Collected data:
───

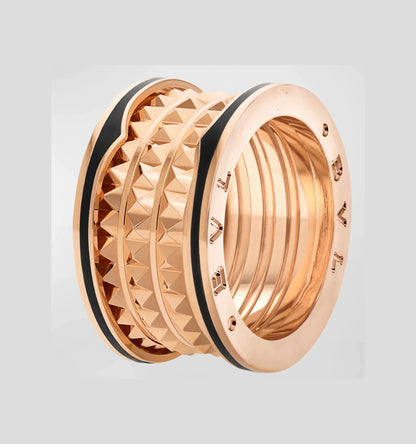 [Amore Jewelry]ZERO 1 ROCK BLACK CERAMIC PINK GOLD LARGE MODEL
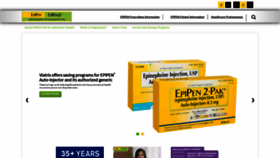 What Epipen.com website looked like in 2022 (1 year ago)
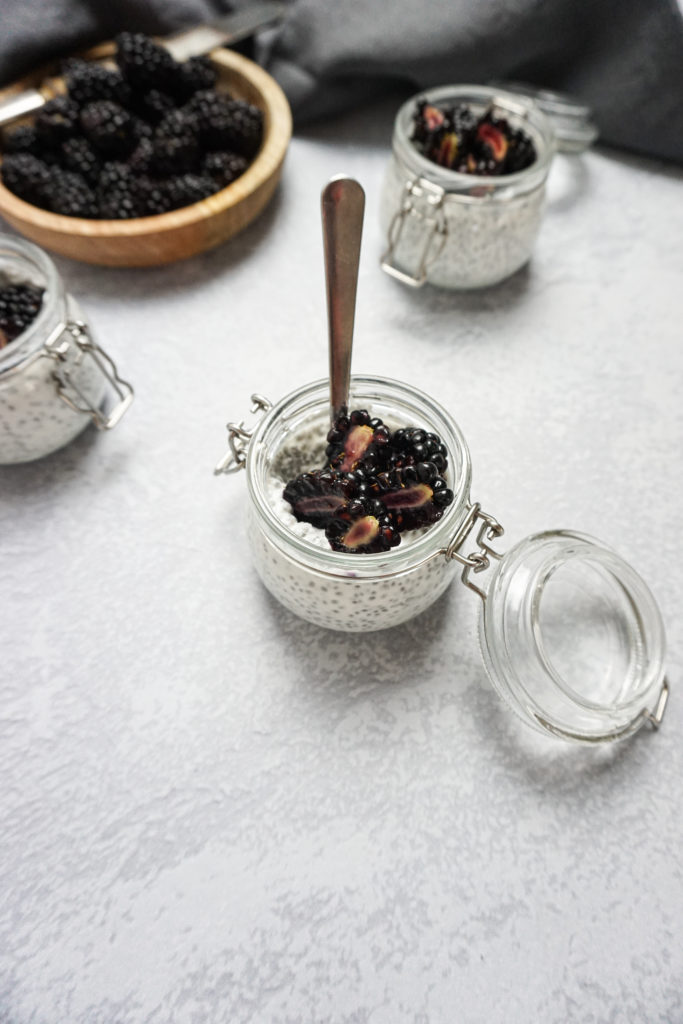 Chia Seed Pudding with Blackberries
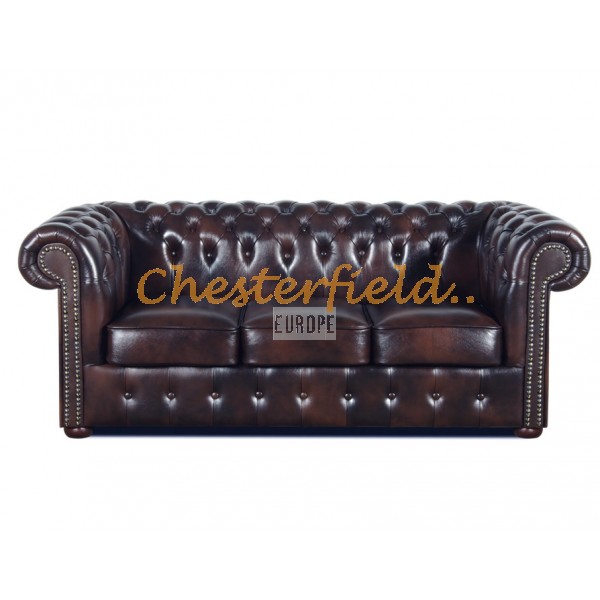 Classic Antikbraun 3-Sitzer Chesterfield Sofa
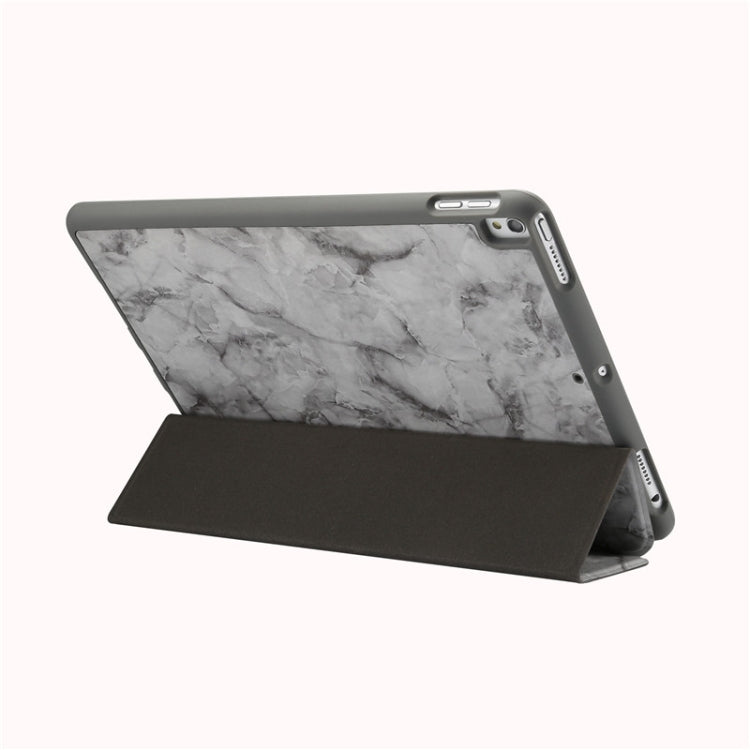 Marble Texture Pattern Horizontal Flip Leather Case for iPad Air 2019 10.5 inch, with Three-folding Holder & Pen Slot & Sleep / Wake-up Function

───

Problem description: Since the pictures are not wanted, copy only the text of the records above, exactly.

Exercise response:
 [Amore Jewelry]ZERO 1 ROCK BLACK CERAMIC PINK GOLD LARGE MODEL
 What Epipen.com website looked like in 2022 (1 year ago)
 Chia Seed Pudding with Blackberries
 Classic Antikbraun 3-Sitzer Chesterfield Sofa
 Marble Texture Pattern Horizontal Flip Leather Case for iPad Air 2019 10.5 inch, with Three-folding Holder & Pen Slot & Sleep / Wake-up Function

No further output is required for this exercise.